It really hit me that my time at these kinds of functions is quickly running out, a common theme this year for some reason since I've come home from Miami.  But, the bigger reality is that over the 10-or-so years I have been going out to clubs and bars, I have met and hooked up with a woman at one of these things exactly twice, and that's not going to change, so I only approach nights like that as chances to hang out with friends and not make conversation with anyone that I don't really know.  You know how people always say to you

"Hey man, you just never know what's going to--"

Yes, I do, actually.  I DO know what's going to happen when I go out to the club tonight--I'm going to dance for three hours, I'm going to have a couple of drinks, I'm going to lose my voice talking shit to somebody standing next to me, then I'm going to drive home, watch "SportsCenter" and then hit the sack.  It's happened like that almost to a T every time I have been out on the weekend for ten years now, and now that I'm officially older and wiser, I don't have to make those silly assumptions anymore that something truly different is going to happen tonight!

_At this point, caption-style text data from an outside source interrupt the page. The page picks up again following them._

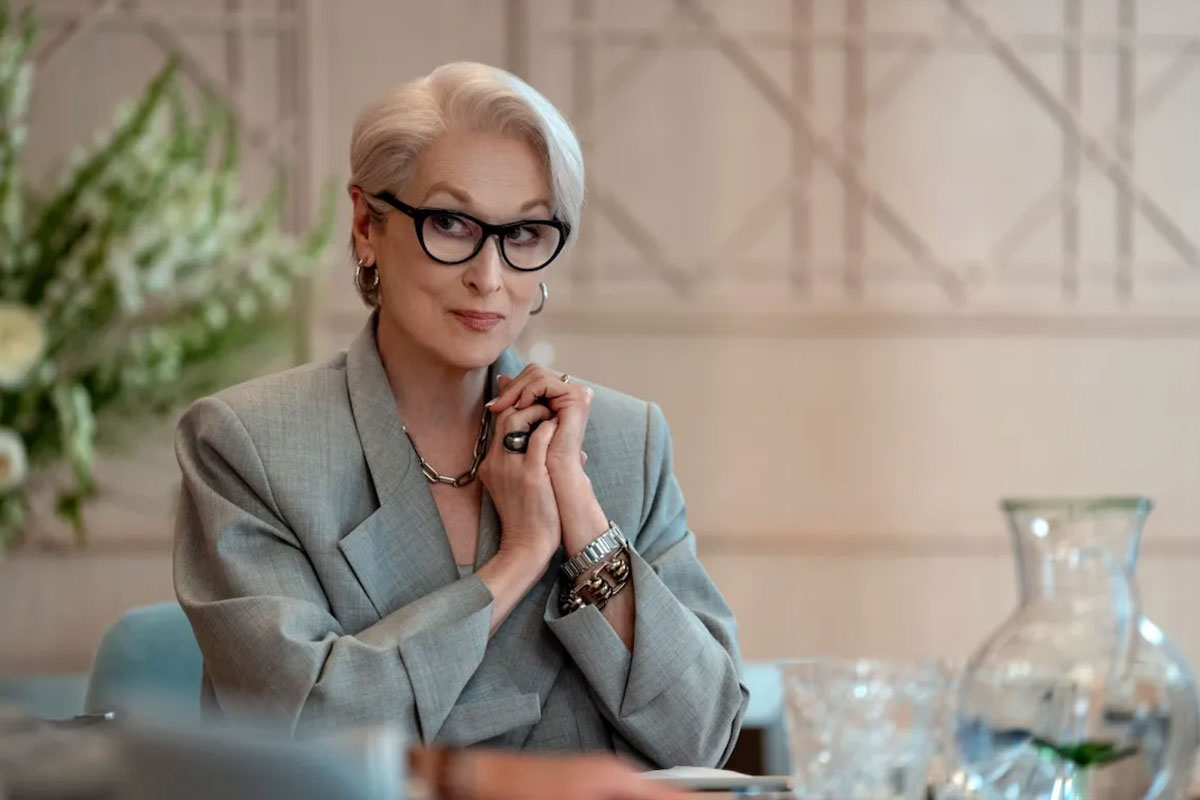 "Devil Wears Prada 2" Snags $10M In Previews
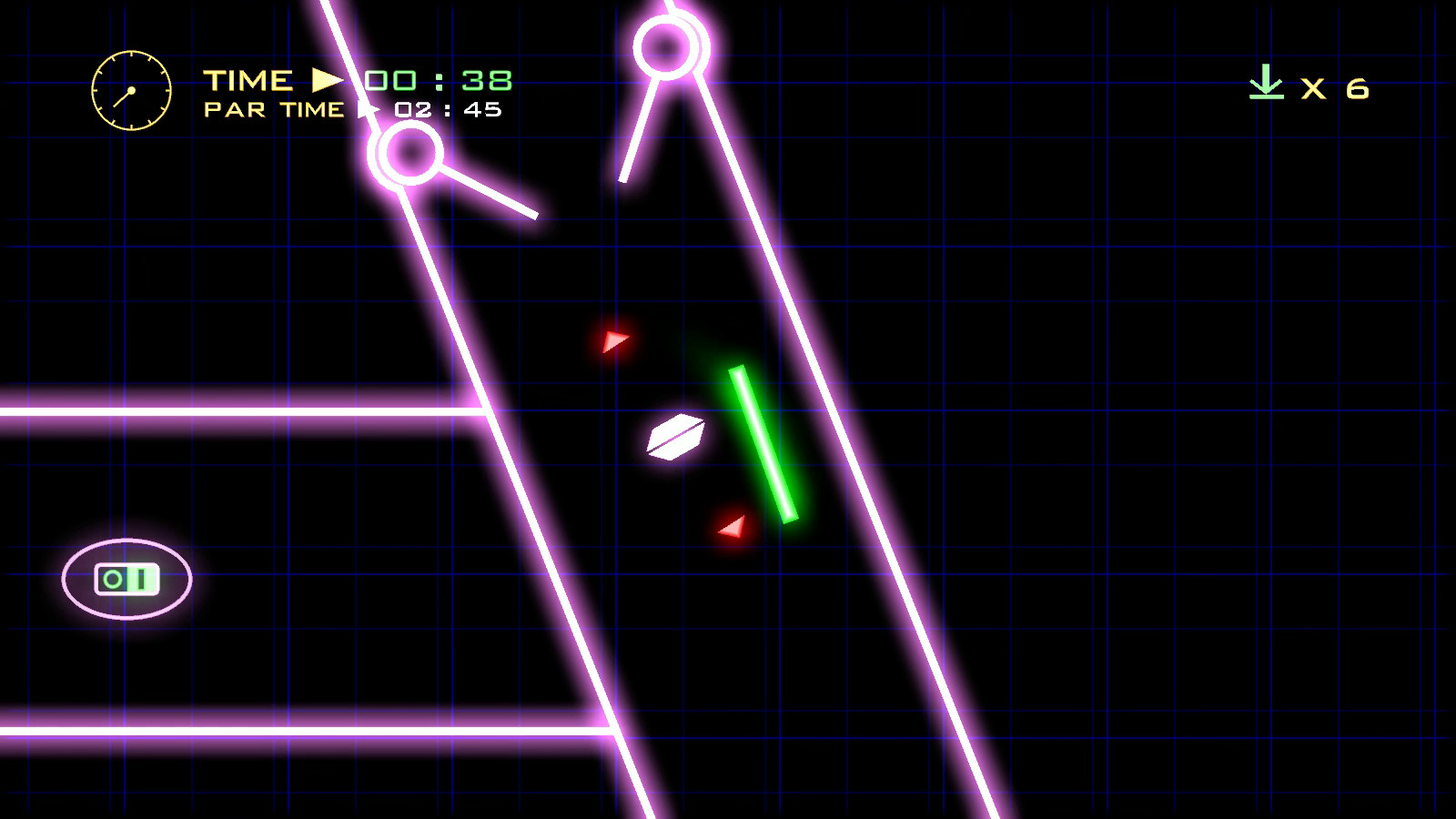 Hyphen screenshot 5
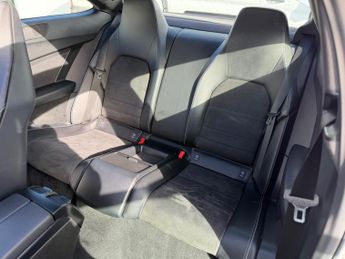 Mercedes-Benz C Class 2.1 C250 CDI AMG Sport Edition Coupe 2dr Diesel G-Tronic+ Euro 5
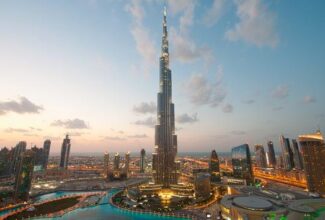 Dubai Reports Strong Visitor Numbers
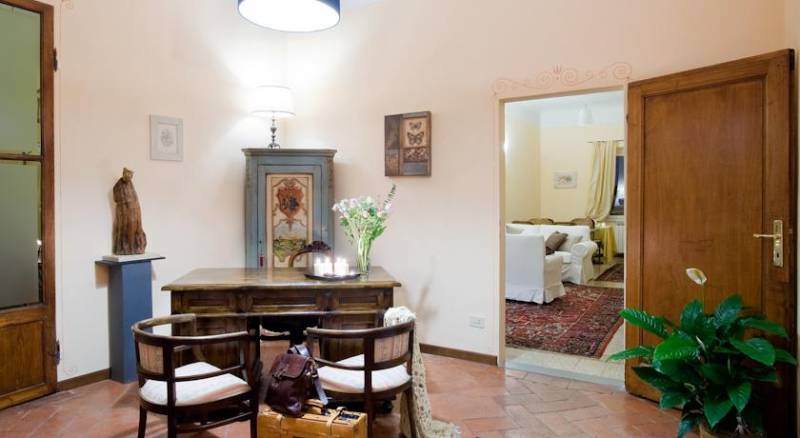 Il Palagetto Guest House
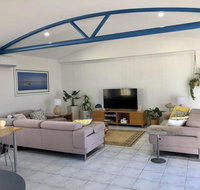 Seafaring  Fingal Bay - Accommodation Coffs Harbour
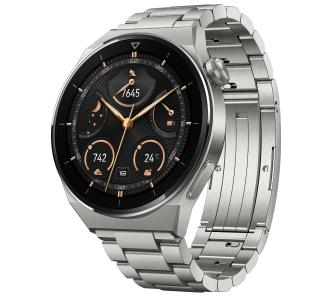 Смарт-часы Huawei Watch GT 3 Pro 46 мм Elite (55028834) - 1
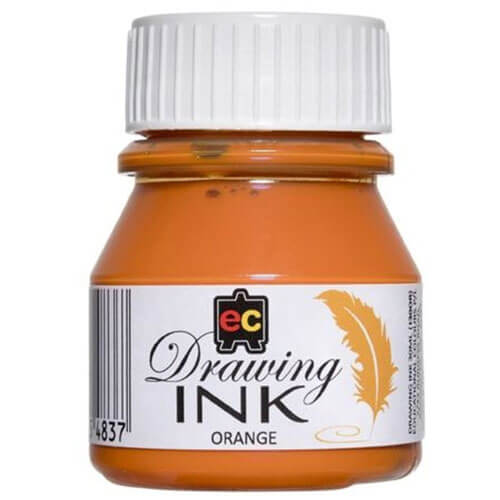 Inchiostro di disegno EC 30ml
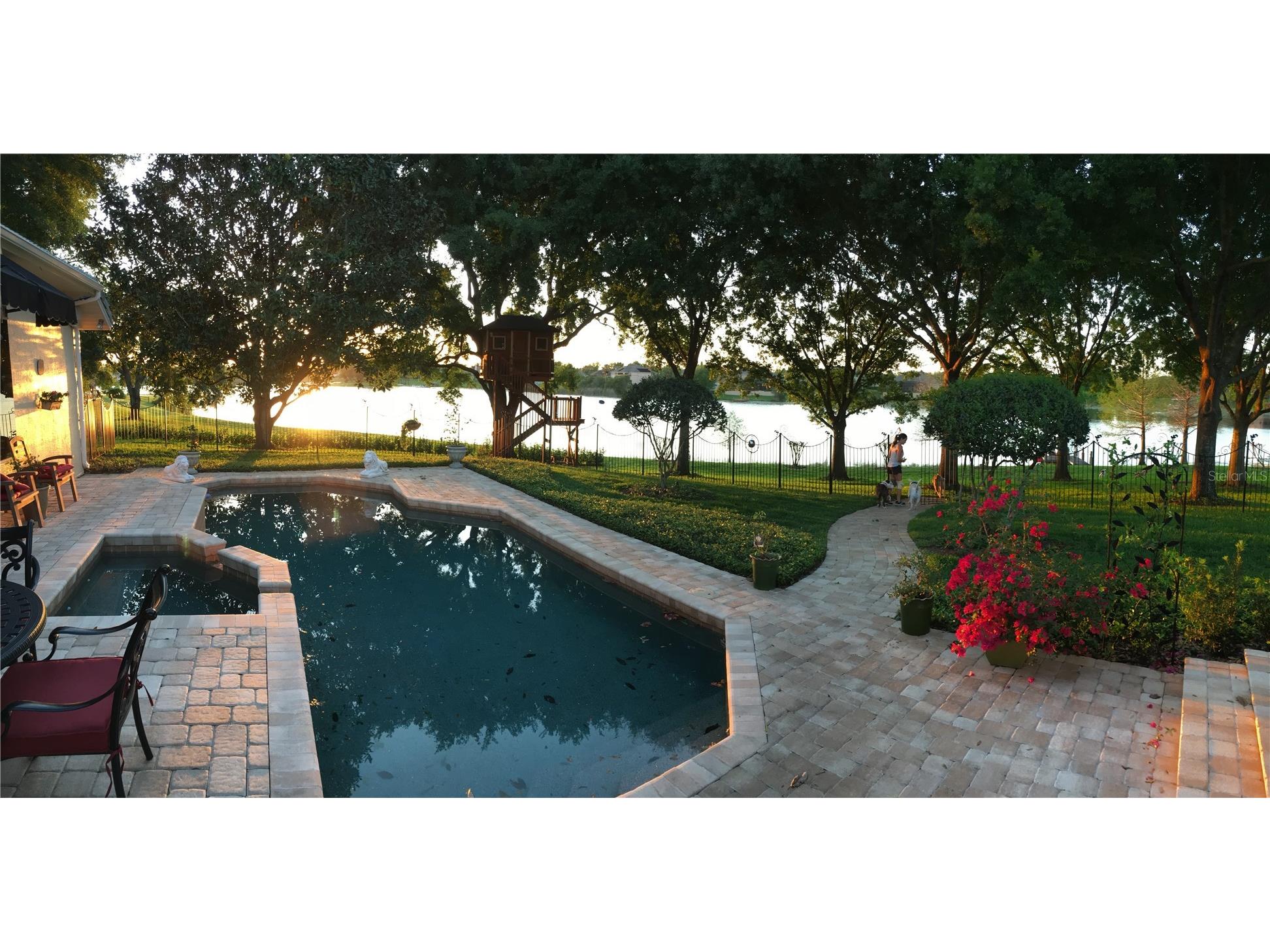 13123 Luntz Point Lane Windermere FL 34786 - LAKE LUNTZ O6382394 image41
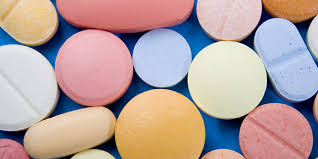 500 mg Chloroquine Phosphate Tablet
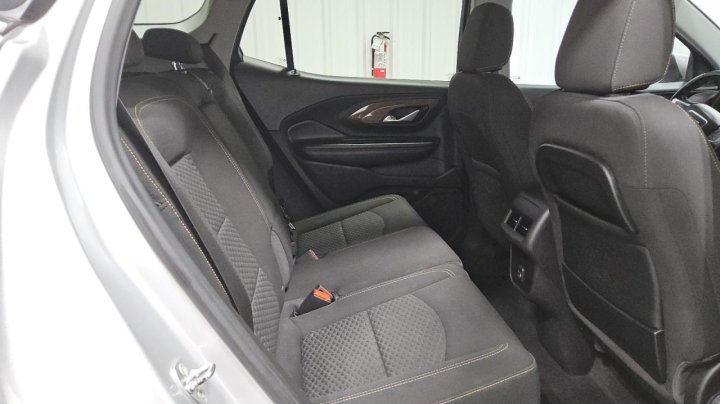 GMC TERRAIN SLE 2018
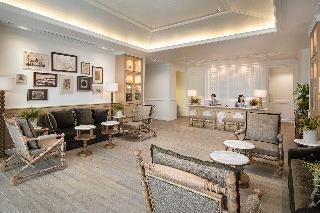 Casa Vimaya Bangkok fotoÄŸrafÄ±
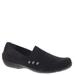 Ros Hommerson Cake - Womens 11 Black Slip On Medium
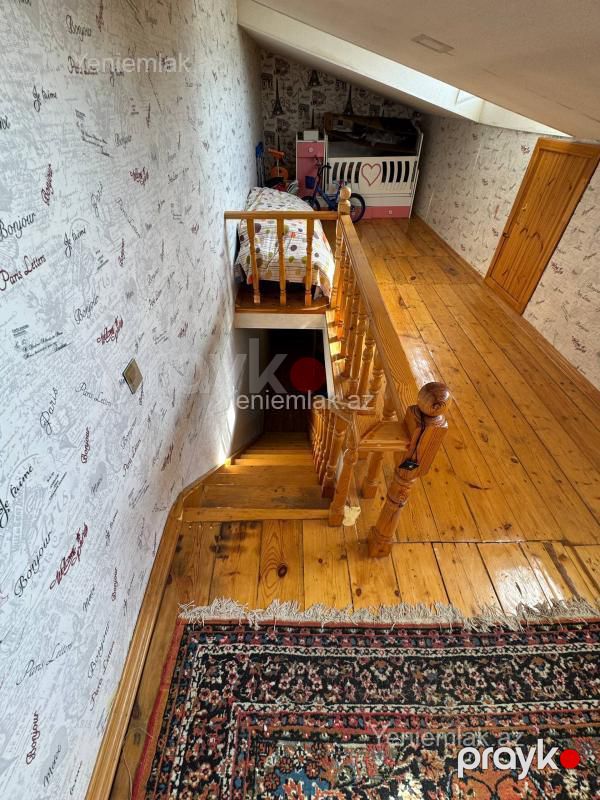 Satılır 2 otaqlı Bina evi menzil (Yeni tikili), 105 m², Masazır — Mənzil, Abşeron (4)
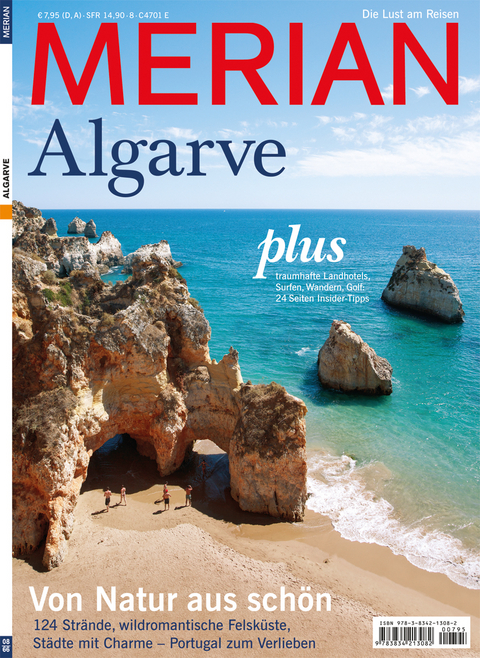 MERIAN Algarve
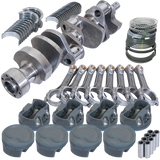 Eagle 13552L040 Street & Strip Assembly Chevy LT1,350 1PC
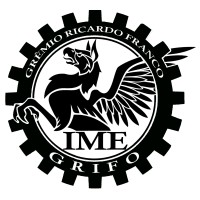 Grêmio Ricardo Franco Logo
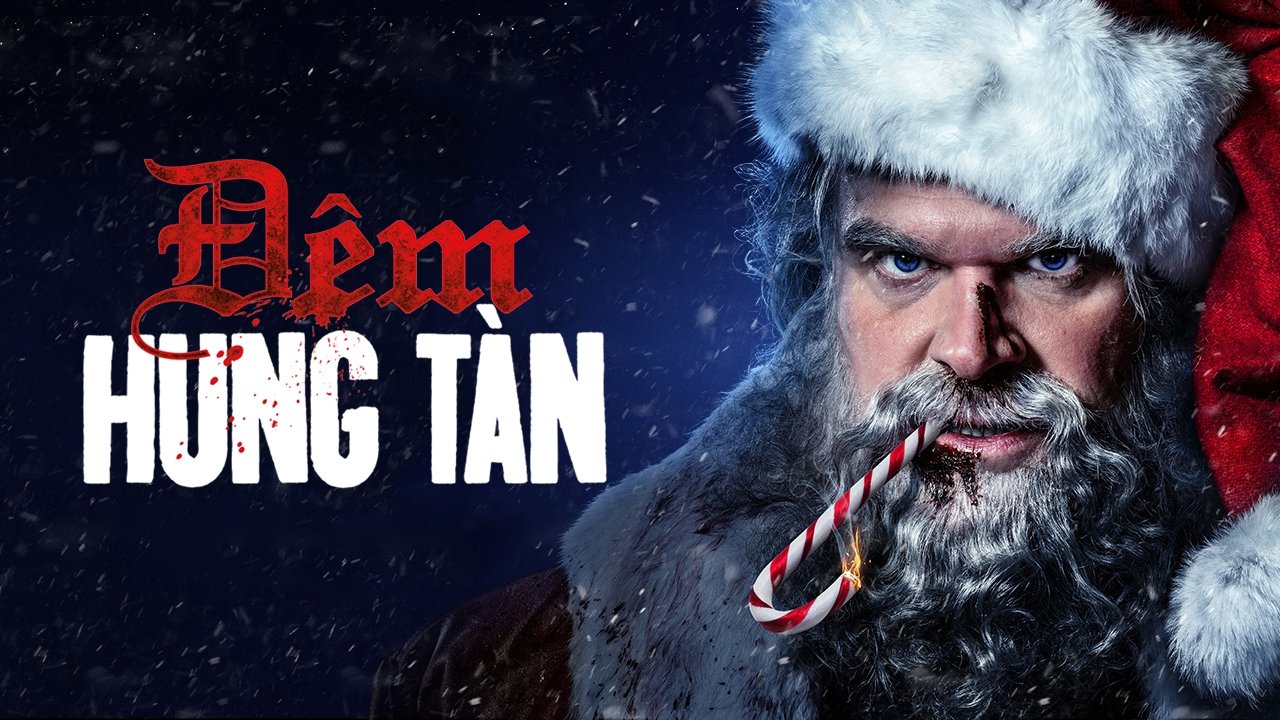 Xem phim Đêm Hung Tàn Vietsub HD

I actually caught myself when I was getting dressed the other night before heading out; I was cleaning up my room just in case someone were to come home with me that night, then I immediately stopped and threw shit back onto my bed.  Who am I kidding?, I thought.  I live in Rockville, which most people think is in Minnesota.  I drive a Saturn--do guys really pick up women at clubs, drive them home in their Saturn, and cross the plate in real life?  And, I have no game--if I don't break off some seriously great lines in my first five minutes, I can go ahead and call it a night.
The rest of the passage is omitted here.